Der Tschechische Rundfunk wird 90. Im Mai 1923 knackte es zum ersten Mal im Äther

15. 5. 2013 - Text: Till JanzerText: Till Janzer; Foto: Archiv ČRo

Es regnete in Strömen an diesem Samstagabend. Am Zelt der tschechoslowakischen Armee rüttelte der Wind. Helfer mussten die Planen festhalten, während nach einer kurzen Programmankündigung die Operndiva Růžena Topinková sang. Das alles spielte sich auf einem Acker nahe dem Militärflugplatz Kbely im gleichnamigen Prager Außenbezirk ab – der Sendebeginn als Feldversuch. Im Theater Sanssouci im Prager Zentrum hörten viele Neugierige die Übertragung. Glaubt man den Berichten der Zeitgenossen, dann war die Tonqualität kläglich. Es knackte und knisterte derart aus den Lautsprechern im Theater, als käme die Übertragung aus dem All und nicht vom Stadtrand. Der erste Rundfunkdirektor Miloš Čtrnactý wollte danach den ersten Sendetag am 18. Mai 1923 lieber vergessen. Es dürfte ganz in seinem Sinn gewesen sein, dass in den Anfangsjahren die Sendungen noch nicht fürs Archiv aufgezeichnet wurden.

Was geschah, war indes historisch: Die Tschechoslowakei war das zweite europäische Land nach Großbritannien mit regelmäßigen Radiosendungen. Die damalige Sendestation nannte sich Radiojournal, 1933 bezog sie das heutige funktionalistische Gebäude in der Vinohradská-Straße oberhalb des Nationalmuseums in Prag. Später wurde der Tschechoslowakische Rundfunk daraus, und 1993 der Tschechische Rundfunk (ČRo). Seit drei Jahren ist Peter Duhan Generaldirektor der Medienanstalt. „Es ist faszinierend zu verfolgen, wie sich der Rundfunk im Laufe der Zeit gewandelt hat, von einer Sendestation mit einem sehr beschränkten Sendeumfang zur heutigen modernen öffentlich-rechtlichen Institution.“

Der Weg dahin war zunächst steil, teilweise auch dramatisch. Die dreißiger Jahre waren die goldene Zeit des Rundfunks, damals wurde auch mit den Auslandssendungen (unter anderem auf Deutsch) begonnen. Mehrmals stand der Rundfunk im Zentrum des historischen Geschehens. Am 5. Mai 1945 brach hier der Prager Aufstand gegen die deutschen Besatzer aus, und am 21. August 1968 umstellten die Truppen des Warschauer Pakts das Gebäude. Insgesamt sechs Jahre lang bestimmten die Nazis, was gesendet wurde, und jahrzehntelang nutzten die Kommunisten die Programme als Hauptpropaganda-Medium.

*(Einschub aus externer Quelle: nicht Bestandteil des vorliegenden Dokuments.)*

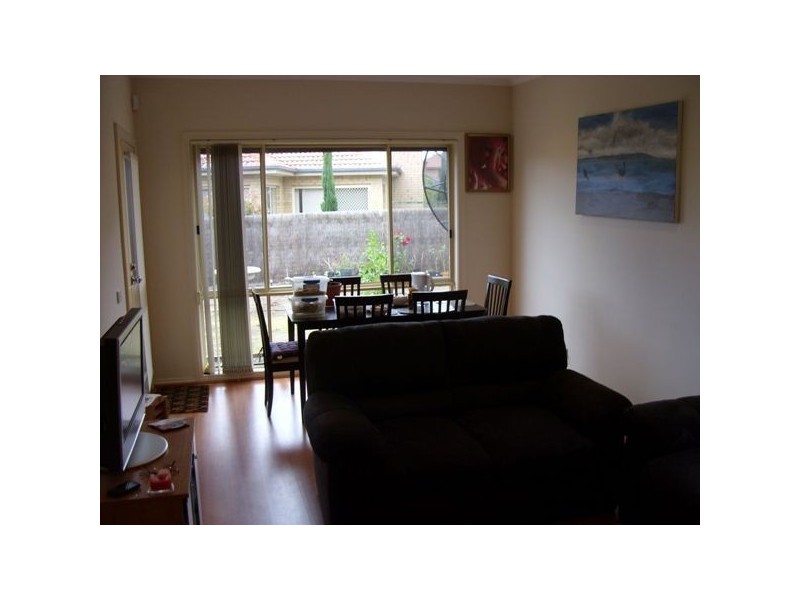 115 Golden Grove Drive, Narre Warren VIC 3805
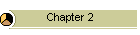 Chapter 2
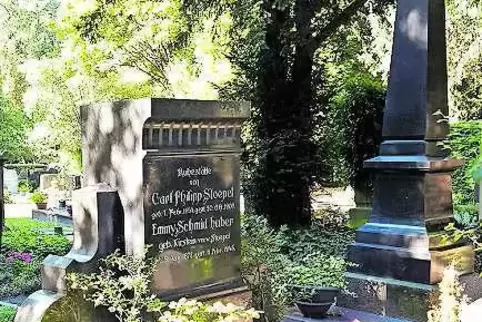 91-90073420.jpg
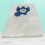 For GN 3D Vacuum Accessories Classic C1 Complete C2/C3 S2000 S5000 S8000 Replacement Dust Bag 20PCS 2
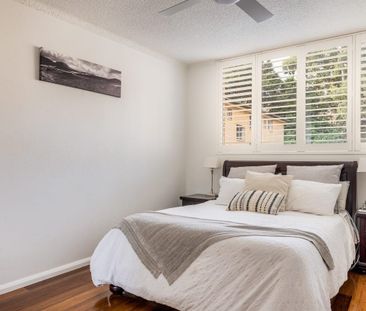 2 Bedroom Offering Modern Comfort and Convenience - Photo 3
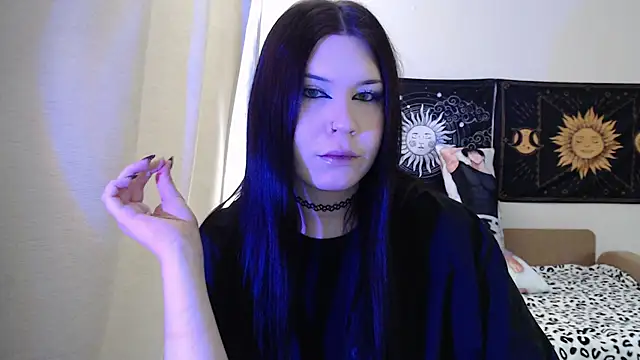iintimate flesh online show from May 2026 12:23:02 PM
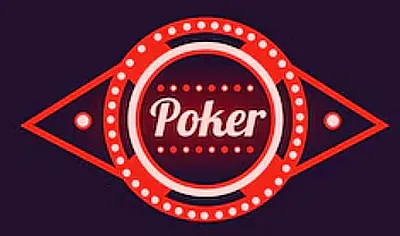 100% tot €100 + 10 Free Spins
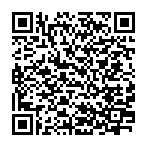 Código QR con el enlace al titular SÃ³lo dos familias han solicitado la ayuda para el pago de alcantarillado y agua potable en LeÃ³n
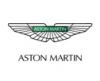 9359 - Paint Protection Film - ASTON MARTIN - DB9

Die politische Wende befreite die Redakteure und Mitarbeiter dann zwar von der Zensur, doch nun gab es erstmals Konkurrenz im Äther: durch die Privaten.

Vertontes Gedächtnis
Selbst das Flaggschiff, der Nachrichtensender „Radiožurnal“, kam ins Schlingern. Seinen Rang als meistgehörter Sender hat es mittlerweile den kommerziellen Stationen überlassen müssen. Mit über einer Million Hörern am Tag führte zuletzt Radio Impuls, erst an vierter Stelle kam das Radiožurnal mit etwa 750.000 Hörern (Zahlen für das zweite Halbjahr 2012). Generaldirektor Duhan will das erste Programm des Rundfunks nun wieder attraktiver machen, beispielsweise mit einer breiteren Musikauswahl. Außerdem soll dem ČRo mit einem schlankeren Programmangebot mehr Struktur verliehen werden. Deswegen wurden Anfang März vier landesweite Sender zu einem einzigen zusammengelegt. Ein knappes Fünftel der vormals 1.500 Mitarbeiter musste gehen. Seitdem betreibt der ČRo vier landesweite sowie eine Reihe regionaler Sender, strahlt vier Kanäle digital aus und einen als Internetstream.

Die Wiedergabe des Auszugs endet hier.